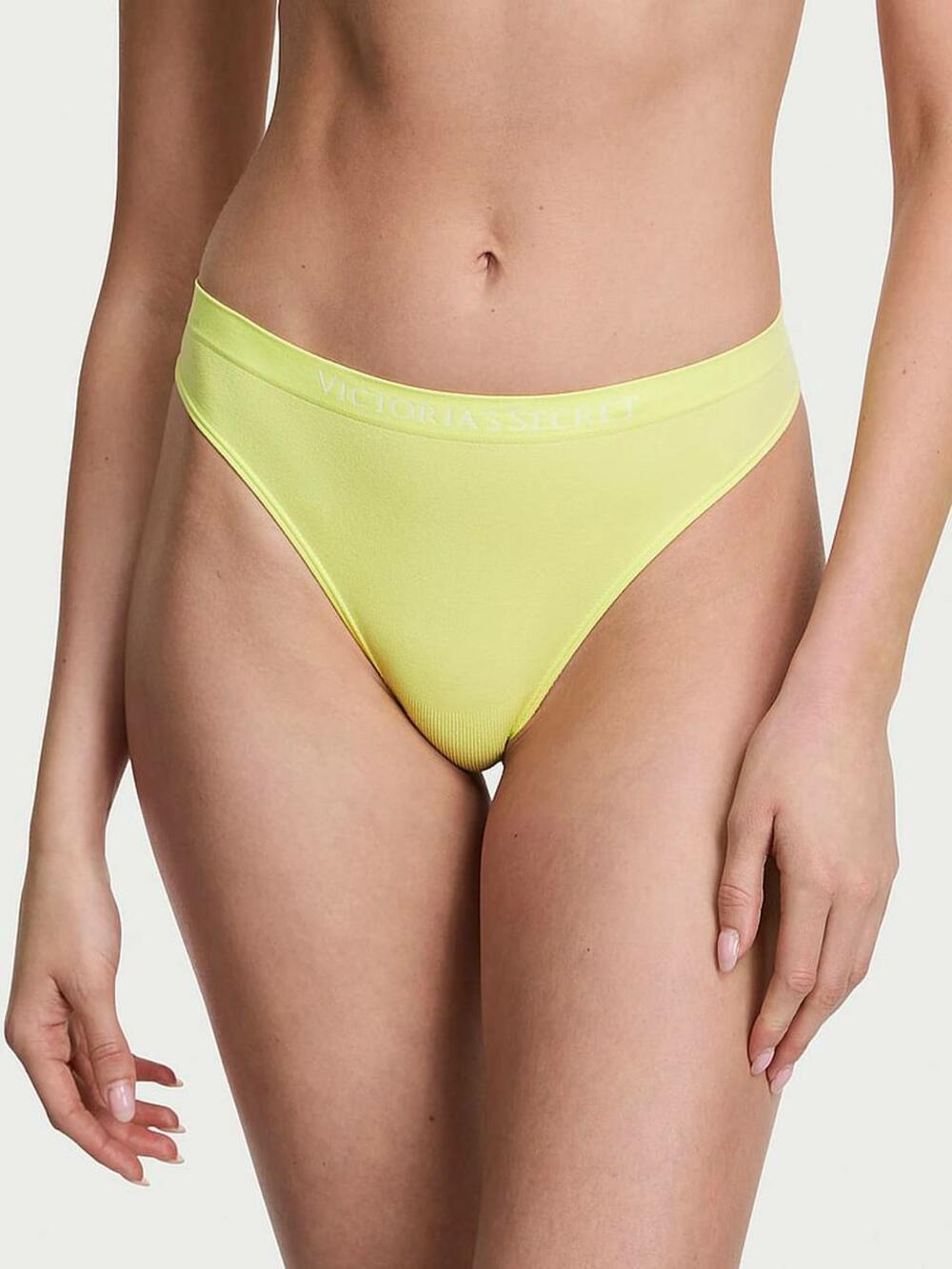Трусики стрінги Seamless Розмір М Sparkling Lime (2HLE)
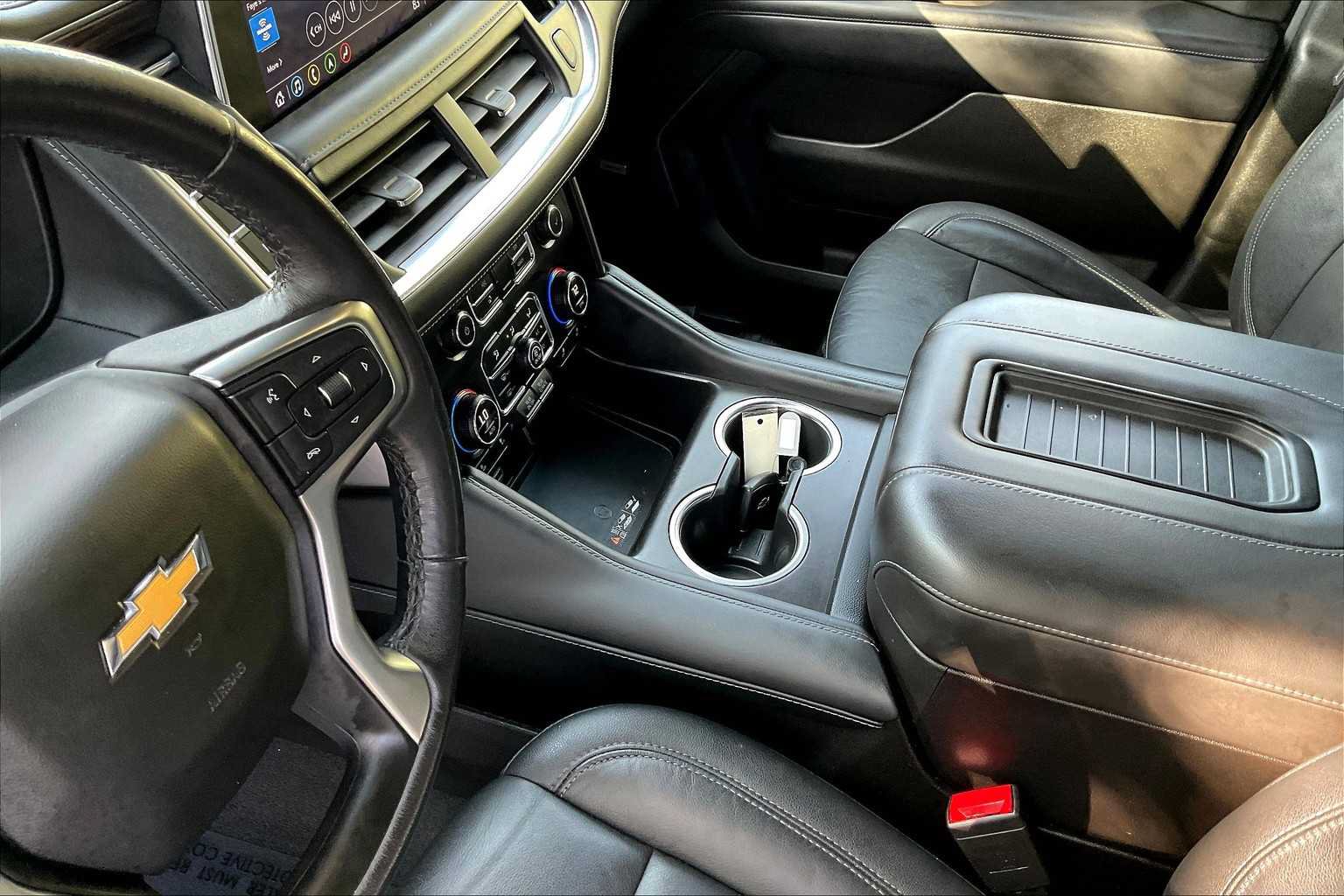 Used 2021 Chevrolet Tahoe LT w/ Luxury Package RWD image 17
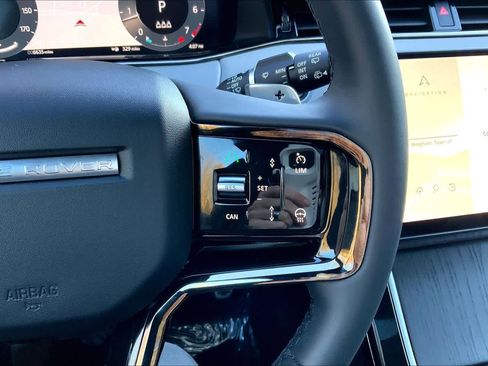 Certified 2026 Land Rover Range Rover Evoque Dynamic SE image 24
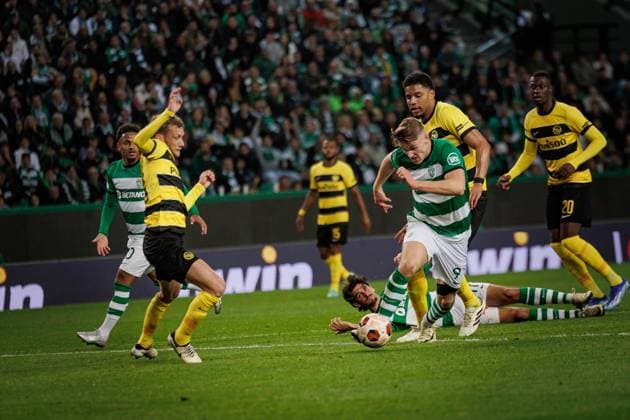 Viktor Gyokeres scores goal and celebrates during UEFA Europa League 23 24 game between Sporting CP and BSC Young Boys at Estadio Jose Alvalade, Lisbon, Portugal. (Maciej Rogowski) Lisbon Estadio Jose Alvalade Portugal Copyright: xMaciejxRogowskix scpybb-5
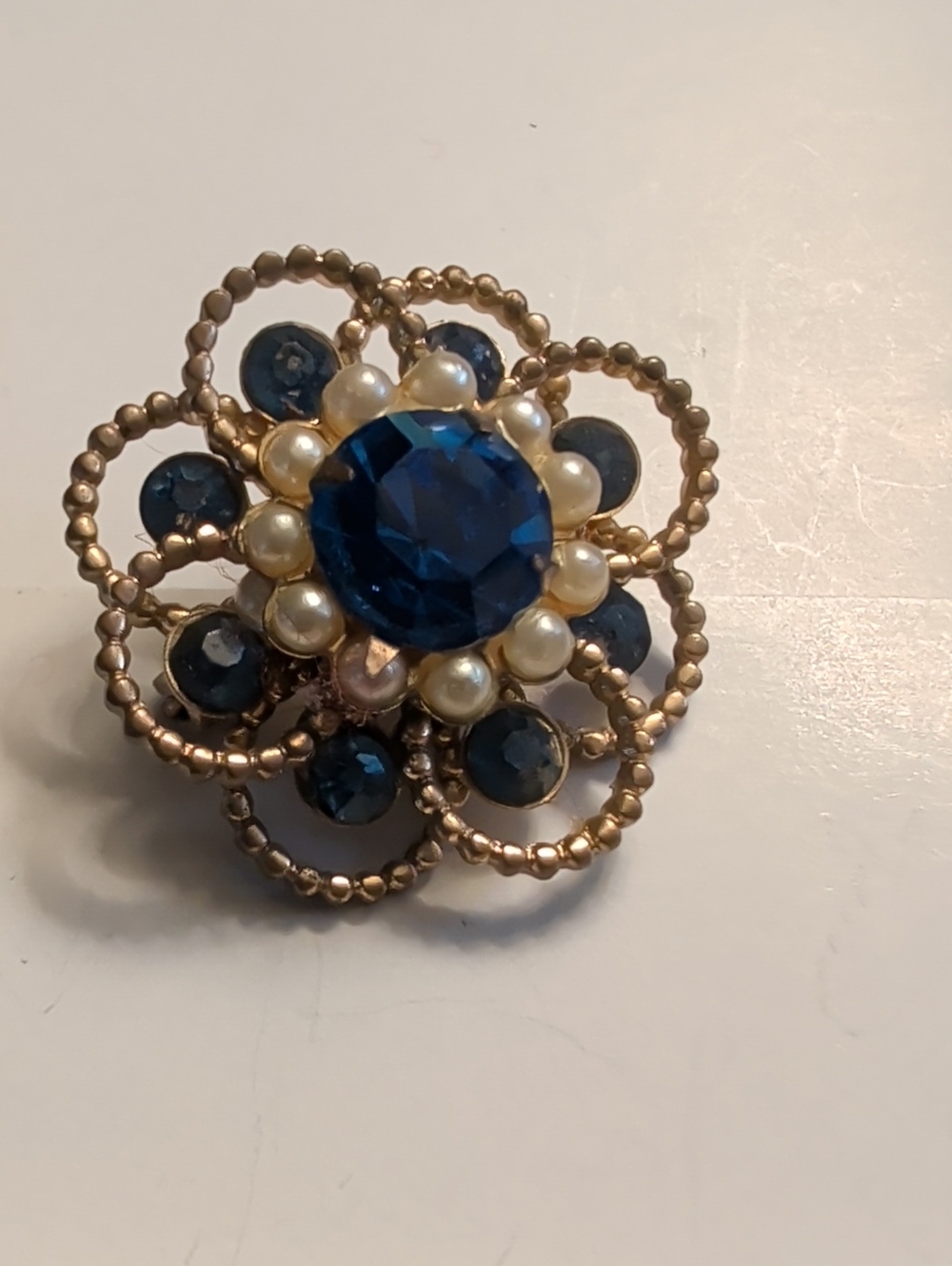 Sapphire Color Brooch Pin faux pearls floral goldtone design atomic sun burst 1"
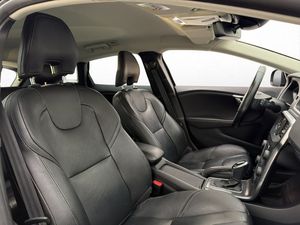 Volvo V40 bild 24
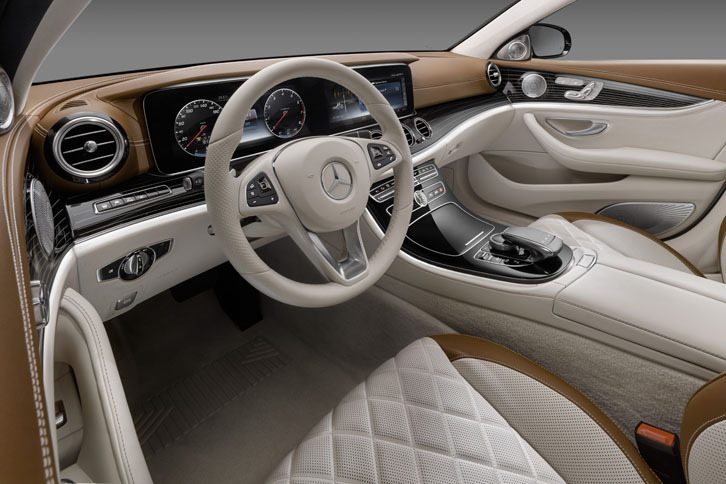 外観と同様に、内装も「Sクラス」や「Cクラス」と足並みをそろえたものとなる。インパネには横幅12.3インチ（約31.2cm）の液晶パネルが2枚並べて設置されており、横基調のデザインを形成している。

____________

Each entry above should be printed again word for word, with any picture dropped.

YOUR SOLUTION:
Трусики стрінги Seamless Розмір М Sparkling Lime (2HLE)
 Used 2021 Chevrolet Tahoe LT w/ Luxury Package RWD image 17
 Certified 2026 Land Rover Range Rover Evoque Dynamic SE image 24
 Viktor Gyokeres scores goal and celebrates during UEFA Europa League 23 24 game between Sporting CP and BSC Young Boys at Estadio Jose Alvalade, Lisbon, Portugal. (Maciej Rogowski) Lisbon Estadio Jose Alvalade Portugal Copyright: xMaciejxRogowskix scpybb-5
 Sapphire Color Brooch Pin faux pearls floral goldtone design atomic sun burst 1"
 Volvo V40 bild 24
 外観と同様に、内装も「Sクラス」や「Cクラス」と足並みをそろえたものとなる。インパネには横幅12.3インチ（約31.2cm）の液晶パネルが2枚並べて設置されており、横基調のデザインを形成している。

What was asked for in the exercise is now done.